Banco Central da França teve rendimento de 13 bilhões de euros ao repatriar ouro das reservas que estavam nos EUA

Ouro que a França mantinha depositado no Federal Reserve está agora em Paris (Redes Sociais)

O Banque de France (BdF), anunciou que concluiu a transferência de suas últimas reservas de ouro que estavam nos EUA e com isso registrou um ganho de quase 13 bilhões de euros entre julho de 2025 e janeiro de 2026.

Os franceses venderam as 129 toneladas de barras de ouro mais antigo que estavam no Federal Reserve (o Banco Central dos EUA) e as substituíram com barras de ouro de melhor qualidade, que atendem padrões internacionais atuais, concentrando todas suas reservas em Paris.

Ao invés de refinar e repatriar as barras de ouro antigas, eles preferiram vender tudo e comprar novas barras compatíveis no mercado europeu.

De acordo com o BdF, a transação com as 129 toneladas de ouro representam cerca de 5% do total das reservas de ouro da França. O BdF tem uma das maiores reservas de ouro do mundo, cerca de 2.437 toneladas, a maior parte desse montante está localizado no “La Souterraine”, um cofre de alta segurança do BdF que fica a 27 metros de profundidade em Paris.

O governador do BdF, François Villeroy de Galhau, disse que a medida não é política, que a razão da mudança é prática, que o ouro de padrão mais alto é negociado no mercado europeu e que era mais fácil obter na Europa, do que refinar as barras mais antigas no exterior. Ele também disse que a medida ajudou a aproveitar a alta dos preços durante o período.

A França sendo um membro fundador da Otan e mesmo sem admitirem publicamente que é uma postura política de retirar todo seu ouro em custódia do governo dos EUA e de manter tudo depositado em seu território na França, a ação de se distanciar da esfera de influência da hegemonia americana se torna evidente.

Outro país membro da Otan que está tendo que repensar se o ouro mantido nos EUA compensa é a Alemanha. Parte do ouro alemão permanece no Federal Reserve, 1.236 toneladas de ouro, 37% das reservas totais do ouro alemão, avaliado em cerca de 163 bilhões de euros.

Com as constantes ameaças do presidente americano, Donald Trump, de tomar a Groenlândia à força, aliados europeus estão tendo que repensar sua dependência nos EUA.

“Trump é imprevisível e faz de tudo para gerar receita. É por isso que o nosso ouro não está mais seguro nos cofres do Fed”, disse Michael Jäger, chefe da Associação de Contribuintes Alemães e da Associação Europeia de Contribuintes, mostrando a crescente pressão dos contribuintes pelo afastamento da esfera de influência de um governo dirigido por um “louco e desequilibrado”, como acaba de ser qualificado o presidente Trump.

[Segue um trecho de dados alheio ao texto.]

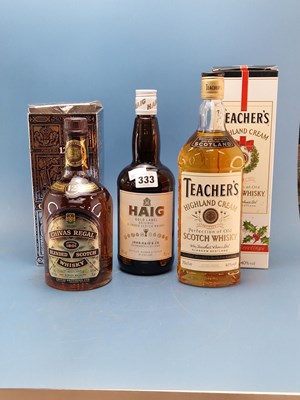 Lot 333 - Whisky Teachers Highland Cream 4% 70cl, Haig...
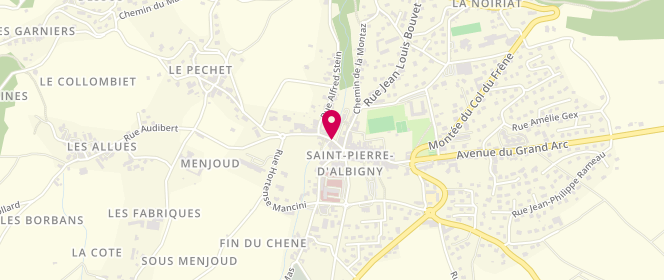 Plan de Piscine municipale, Rue Auguste Domenget, 73250 Saint-Pierre-d'Albigny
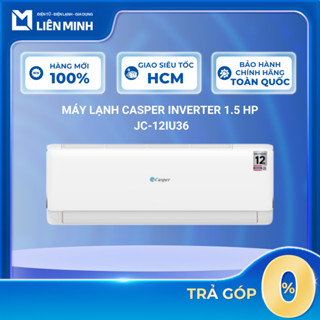 JC-12IU36 - Máy Lạnh Casper Inverter 1.5 HP - Làm Lạnh Nhanh Turbo Trong 30s [GIÁ MÁY]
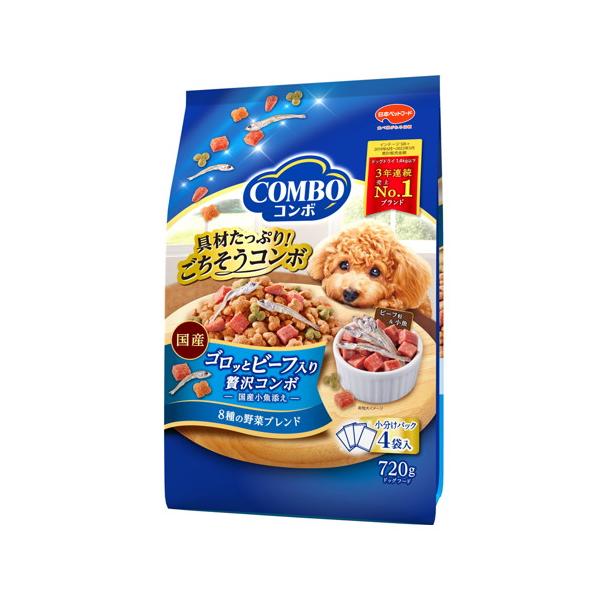 【1ケース】【お取り寄せ対象品】日本ペットフード　コンボドッグゴロッとビーフ入り 720g [日本ペットフード] *12個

“O que acontece se a provocação na Groenlândia continuar? … O risco está aumentando de que o Bundesbank alemão não consiga mais acessar seu ouro. Portanto, deve repatriar suas reservas”, disse Jäger.

A repatriação do ouro pelos Bancos Centrais reflete uma tendência mundial, sobre uma crescente desconfiança quanto ao papel do dólar e nas instituições financeira americanas, impulsionando a desdolarização.

O congelamento de 300 bilhões de dólares em reservas do Banco Central da Rússia em fevereiro de 2022 como pressão americana pela guerra na Ucrânia, geraram receios quanto a militarização do dólar sendo usado para submeter países à vontade do imperialismo americano.

A China, visando preservar sua soberania diante da crescente agressividade do governo dos EUA, comprou ouro durante 16 meses consecutivos, atualmente tem 2.308 toneladas de ouro avaliadas em 387,6 bilhões de dólares, cerca de 10% do total das reservas cambiais. Eles também se desfizeram dos títulos do Tesouro dos EUA para cerca de 638 bilhões de dólares, procurando reduzir a dependência no dólar americano.

O Banco Central da Índia repatriou 274 toneladas de ouro que estavam nos cofres do Reino Unido entre março de 2023 e setembro de 2025. Com o objetivo de se protegerem contra riscos geopolítico de um EUA cade vez mais fora de controle, desde setembro de 2025, mais de 65% das 880 toneladas de ouro indiano então sendo mantidas dentro de seu território.